As you can see we have a couple of threes
Finally, let's do 10,000 tries.
library(tidyverse)
set.seed(1111)
ndealings = 10000
df = tibble(i = 1:ndealings) %>%
mutate(data = map(i, ~Deal_to_the_first_pair())) %>%
unnest(data)
df
output
# A tibble: 10,000 x 3
i deck ncards_dealt
<int> <list> <dbl>
1 1 <tibble [52 x 1]> 7
2 2 <tibble [52 x 1]> 8
3 3 <tibble [52 x 1]> 5
4 4 <tibble [52 x 1]> 9
5 5 <tibble [52 x 1]> 5
6 6 <tibble [52 x 1]> 8
7 7 <tibble [52 x 1]> 5
8 8 <tibble [52 x 1]> 5
9 9 <tibble [52 x 1]> 3
10 10 <tibble [52 x 1]> 2
# ... with 9,990 more rows
Let us visualize the achieved result
df %>% ggplot(aes(ncards_dealt)) +
geom_boxplot()

Update 1
A little update. To be fully compatible with your task, I have slightly improved the Deal_to_the_first_pair
function so that it takes a shuffled deck of cards as an argument and returns the number of cards until the first pair occurs.
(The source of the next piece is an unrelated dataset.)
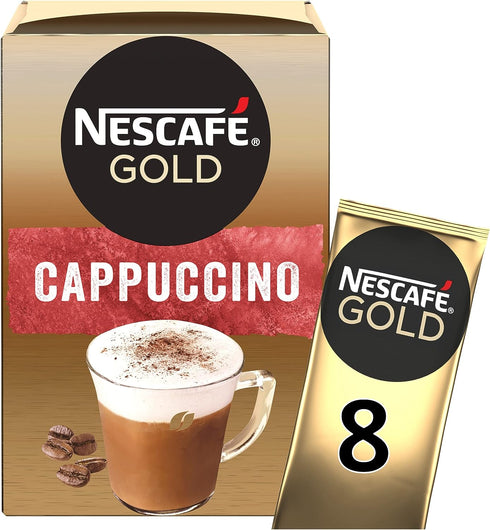 Nescafe Gold Cappuccino Instant Coffee 8 x 15.5g Sachets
Deal_to_the_first_pair2 = function(deck){
deck_card = str_split_fixed(deck, " ", 2)[,1]
i=2
while(length(unique(deck_card[1:i]))==length(deck_card[1:i])) i=i+1
i
}
set.seed(1111)
df2 = tibble(i = 1:ndealings) %>%
mutate(deck = map(i, ~sampleDeck())) %>%
mutate(ncards_dealt = map(deck, ~Deal_to_the_first_pair2(.x))) %>%
unnest(ncards_dealt)
df2
output
# A tibble: 10,000 x 3
i deck ncards_dealt
<int> <list> <dbl>
1 1 <chr [52]> 7
2 2 <chr [52]> 8
3 3 <chr [52]> 5
4 4 <chr [52]> 9
5 5 <chr [52]> 5
6 6 <chr [52]> 8
7 7 <chr [52]> 5
8 8 <chr [52]> 5
9 9 <chr [52]> 3
10 10 <chr [52]> 2
# ... with 9,990 more rows
Now you have it just like in your homework :-).